Staggered tire sizes and "relative stack height" .....idiotic question

I know for fit purposes that this isn’t the correct dimension. But for how your body presents itself to the environment, it matters.

With staggered tire sizes front/rear, does this actually contribute to your “stack height” as viewed from the road surface upwards? This was why they dictated wheel sizes back in the day. Folks were putting really small front wheels on bikes with larger rear ones. It tilted you forward with no consequence to hip angle.

So, for 23/25 front to rear…that would be 2mm of reduced stack. If you own a really really modern rear wheel or disc built around 28’s or even 30’s…would that mean that 23/28 would be 5mm of reduced stack? A 23/30 7mm?

If so, 5mm is 0.20". That’s about the height of the shorter stack spacers on my cockpit.

So, if a skinny rider won’t get much extra from a 25mm or 28mm front tire on CRR but is pretty quick for the aero to kick in…would running a “funny car” staggered tire setup provide a tangible aero benefit from your “stack height” as viewed from the road surface?

Ok, that’s all the idiocy I have for today. I’ve had too much morning coffee.

Yes. Bike will also rotate a bit so e.g. reach and saddle setback will change a bit.

Fun story. Handful of years ago before bike check at a TT I told my team mate he needed to put his race rear wheel on before getting it measured in the jig or else he would likely run afoul of the UCI 80cm extension tip limit due to his training rear wheel having a larger tyre on. He didn’t believe me and went up to get it checked. Sure enough, it was outside 80cm limit. Came back, changed to his race rear wheel, got it checked again and now it was fine. He didn’t question my TT input and always went to the check with race wheels installed after that day :wink:

Yes it does . . . I keep the same stagger on my training wheels and race wheels.

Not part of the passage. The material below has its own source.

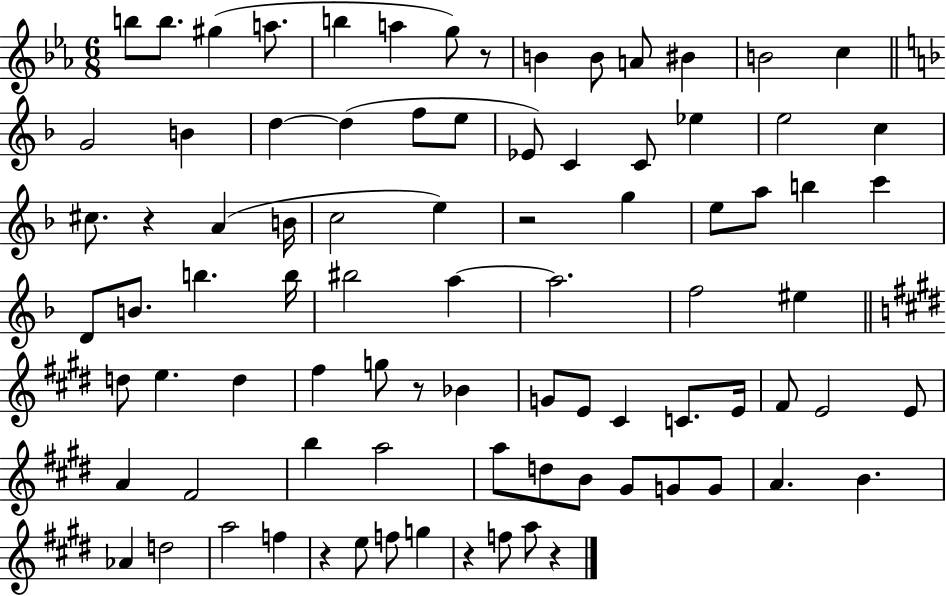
B5/e B5/e. G#5/q A5/e. B5/q A5/q G5/e R/e B4/q B4/e A4/e BIS4/q B4/h C5/q G4/h B4/q D5/q D5/q F5/e E5/e Eb4/e C4/q C4/e Eb5/q E5/h C5/q C#5/e. R/q A4/q B4/s C5/h E5/q R/h G5/q E5/e A5/e B5/q C6/q D4/e B4/e. B5/q. B5/s BIS5/h A5/q A5/h. F5/h EIS5/q D5/e E5/q. D5/q F#5/q G5/e R/e Bb4/q G4/e E4/e C#4/q C4/e. E4/s F#4/e E4/h E4/e A4/q F#4/h B5/q A5/h A5/e D5/e B4/e G#4/e G4/e G4/e A4/q. B4/q. Ab4/q D5/h A5/h F5/q R/q E5/e F5/e G5/q R/q F5/e A5/e R/q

I think this is pole-vaulting over a mouse turd
.

Your saddle and BB are forward of the rear axle, so they aren’t going to be raised as much. So I don’t think you’re going to get a full 5mm drop with a 5mm tire difference…

Your saddle and BB are forward of the rear axle, so they aren’t going to be raised as much. So I don’t think you’re going to get a full 5mm drop with a 5mm tire difference…

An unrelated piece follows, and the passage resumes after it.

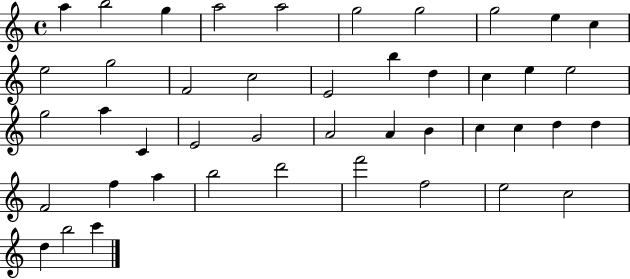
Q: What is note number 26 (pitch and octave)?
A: A4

This ↑. Also, tires tend to be “wider” than tall, so a 5mm difference in nominal tire size probably means more like a 4-4.5mm difference in mounted tire height. A 5mm difference in nominal tire size probably results in a net stack difference of 2.5-3 mm. And a slightly steeper or slacker head tube angle, depending on which end of the bike you mount the bigger tire.

Tire pressure and tread shape also matter. Tire stack is rarely precisely the advertised size. I’ll take Cyclocross tires as an example, running a Challenge file tread and a Michelin mud Both advertised as 700x33 tires, but one runs true to size, and the other actually measures closer to 36mm even at low PSI (it was actually a frame clearance issue with the Muds, my older aluminum frame didn’t have enough clearance for them, and we actually had to hammer out the frame, to create enough clearance to run a sufficiently treaded tire to handle some of the nasty muddy races we get in November… That said I tend not to stagger tire sizes, only tire pressure.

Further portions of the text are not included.